Personal information
- Full name: Hayden Brian Phillips
- Born: 6 February 1998 (age 28) Palmerston North, New Zealand
- Height: 1.80 m (5 ft 11 in)
- Weight: 78 kg (172 lb)

Sport
- Sport: Field hockey
- Position: Midfielder
- Club: Holcombe

Senior career
- Years: Team / Caps / Goals
- 2016–2018: Central / 20 / 7
- 2019–present: Holcombe / - / -

National team
- Years: Team / Caps / Goals
- 2016: New Zealand U21 / 3 / -
- 2016–present: New Zealand / 109 / (9)

Medal record
Men's field hockey
Representing New Zealand
Commonwealth Games
| Silver medal – second place | 2018 Gold Coast | Team |
Oceania Cup
| Silver medal – second place | 2017 Sydney |  |
| Silver medal – second place | 2019 Rockhampton |  |
| Silver medal – second place | 2023 Whangārei |  |

= Hayden Phillips (field hockey) =

New Zealand field hockey player

Hayden Brian Phillips (born 6 February 1998) is a New Zealand field hockey player who plays as a midfielder for English club Holcombe.

==Early life==
Phillips was born in Palmerston North in 1998. He went to school at Palmerston North Boys' High and lives 50 km southwest in Levin.

==Playing career==
Phillips played in the 2014 Summer Youth Olympics.
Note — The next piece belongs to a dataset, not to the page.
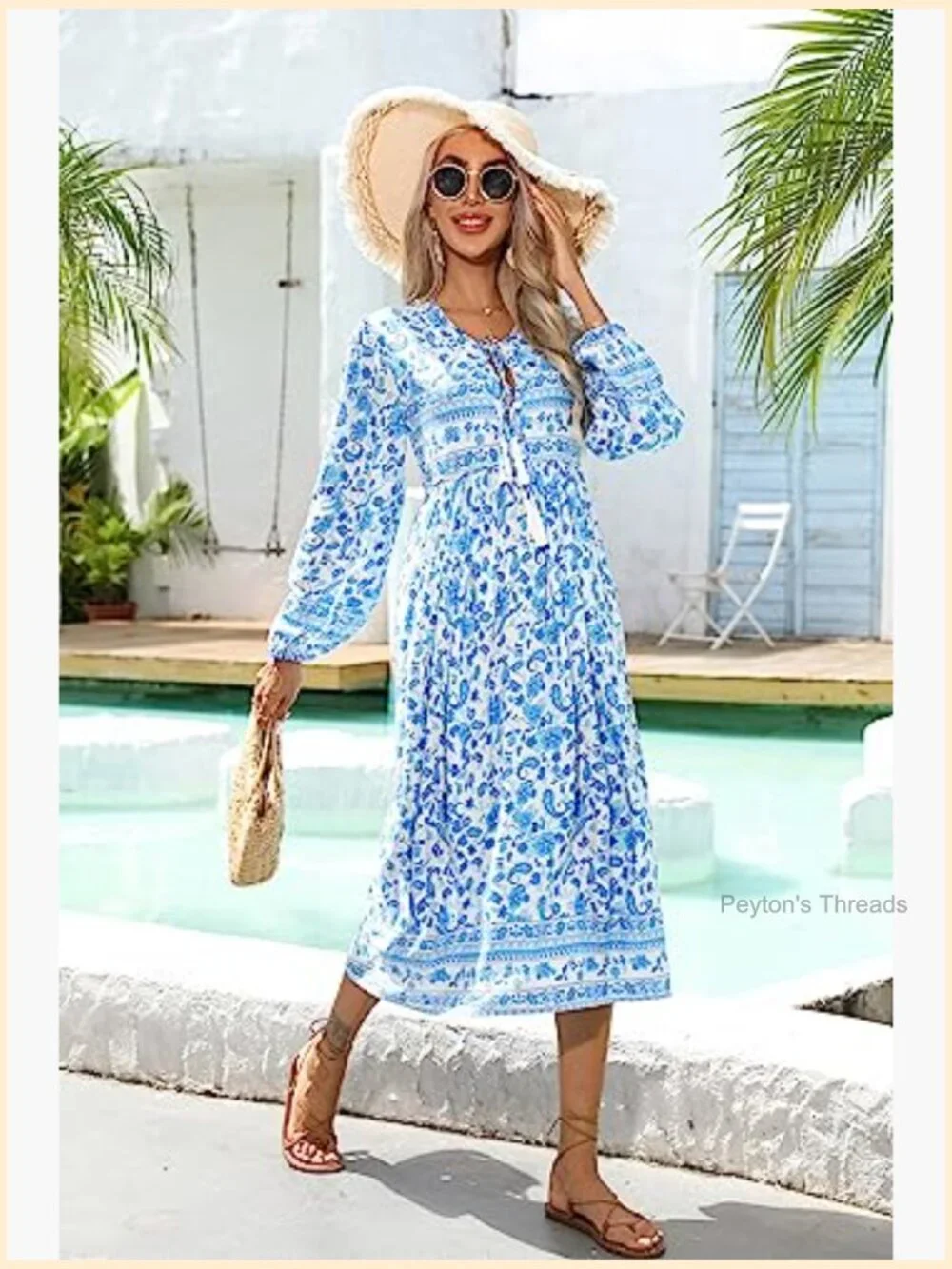 Long Sleeve Floral Print Retro V Neck Tassel Casual Bohemian Midi Dress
He then made his senior debut in March 2016 and went on to represent New Zealand in the 2016 Sultan Azlan Shah Cup and 2016 Summer Olympics.
Phillips moved to England in January 2020 to play for Holcombe alongside Barry Middleton.
After taking a break from international hockey, Phillips returned to the Blacksticks Squad in 2022 playing against Australia in the Trans Tasman Series.